Records for the exercise »
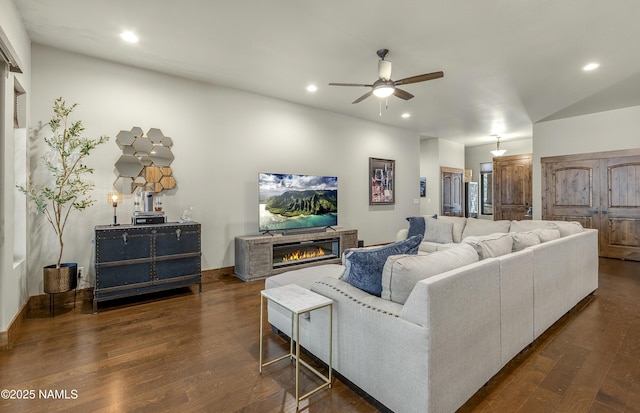 living room featuring recessed lighting, dark wood finished floors, and a glass covered fireplace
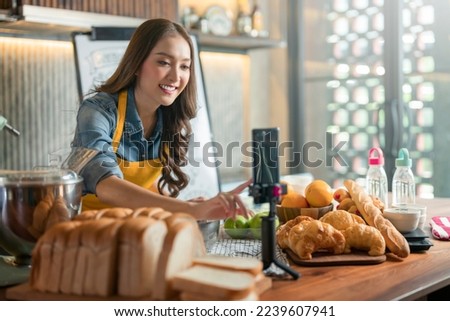 Asian Female Chef Talks about Ingredients, Teaches to bake bread. Online Video Class, Streaming Service of e-Learning Video Course.  bread Recipe Preparation record live online social media in studio Royalty-Free Stock Photo #2239607941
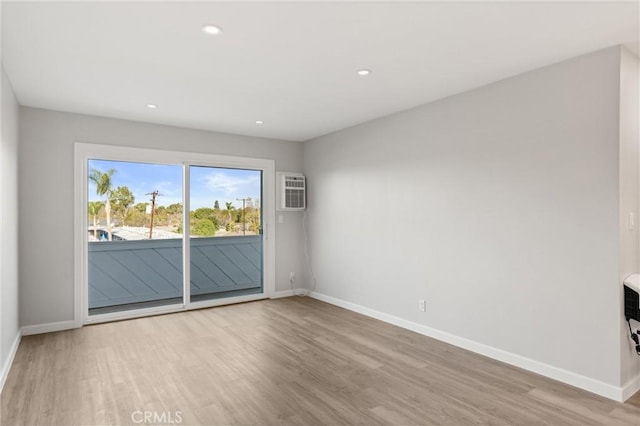 empty room featuring recessed lighting, baseboards, wood finished floors, and a wall mounted air conditioner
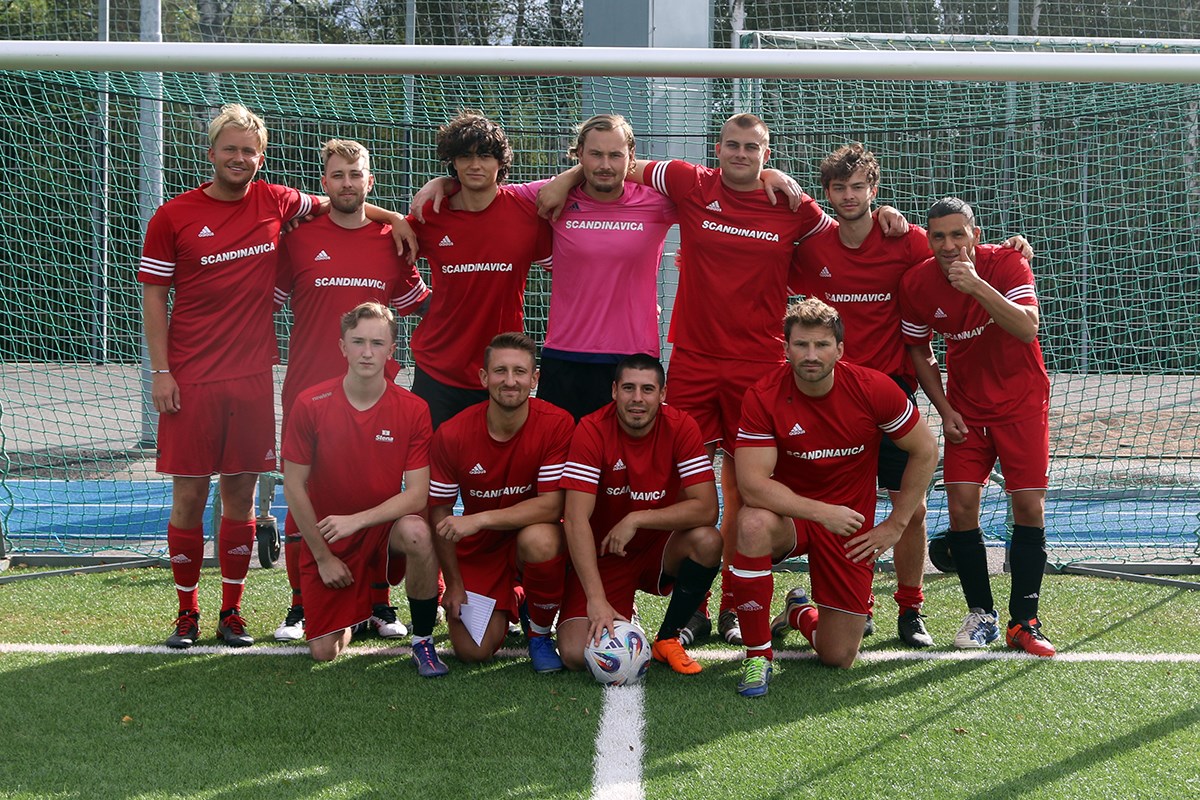Gruppbild på ett rödklätt lag i ett fotbollsmål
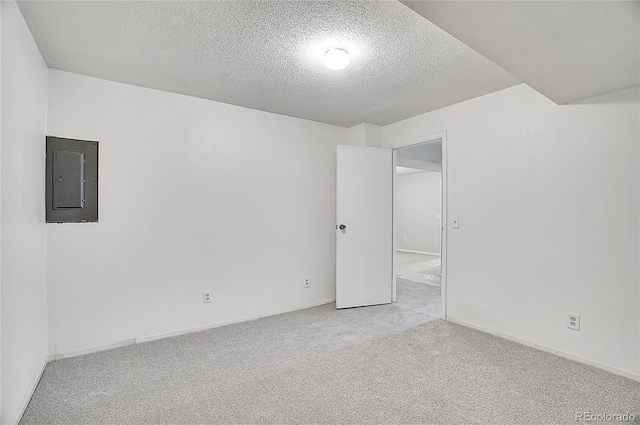 carpeted spare room with electric panel, a textured ceiling, and baseboards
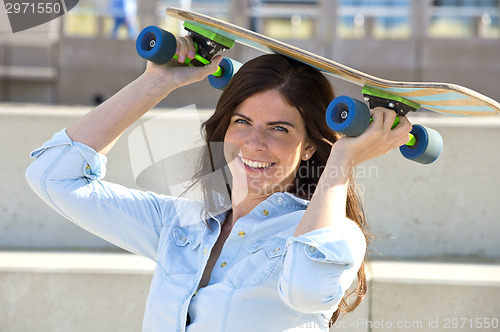 Image of Goofy girl with skateboard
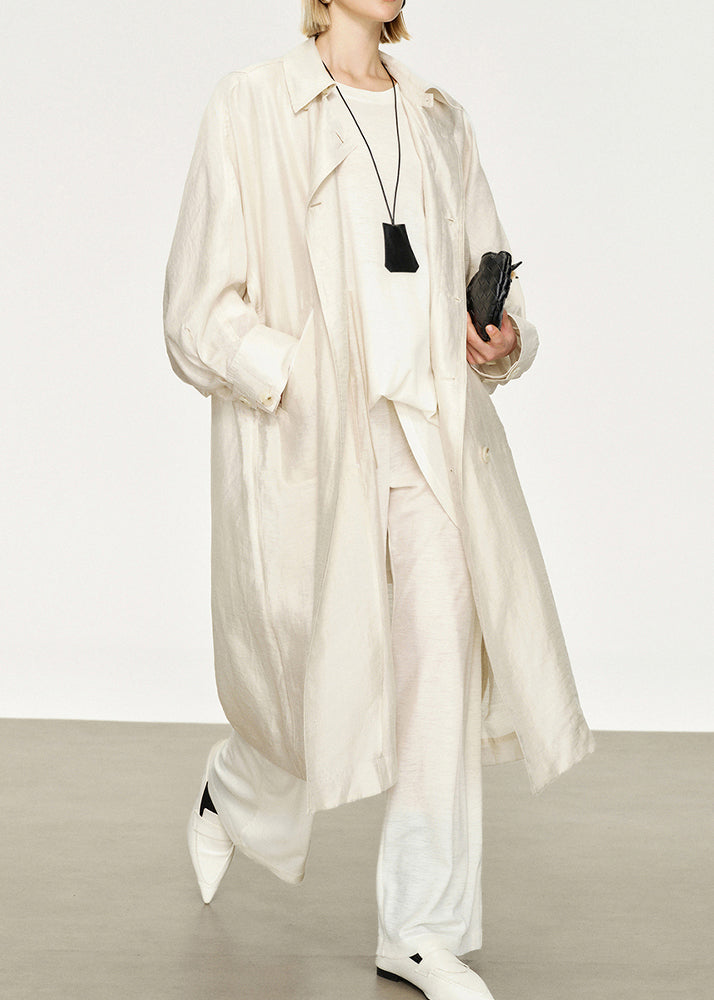 Elegant women's long trench coat with classic Peter Pan collar & stylish bat sleeves. Perfect for autumn chic.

Task »
Output only these lines, word for word: the line containing "Gruppbild på ett" and every line after it through the last line of the data. Omit the pictures.

Task response »
Gruppbild på ett rödklätt lag i ett fotbollsmål
 carpeted spare room with electric panel, a textured ceiling, and baseboards
 Image of Goofy girl with skateboard
 Elegant women's long trench coat with classic Peter Pan collar & stylish bat sleeves. Perfect for autumn chic.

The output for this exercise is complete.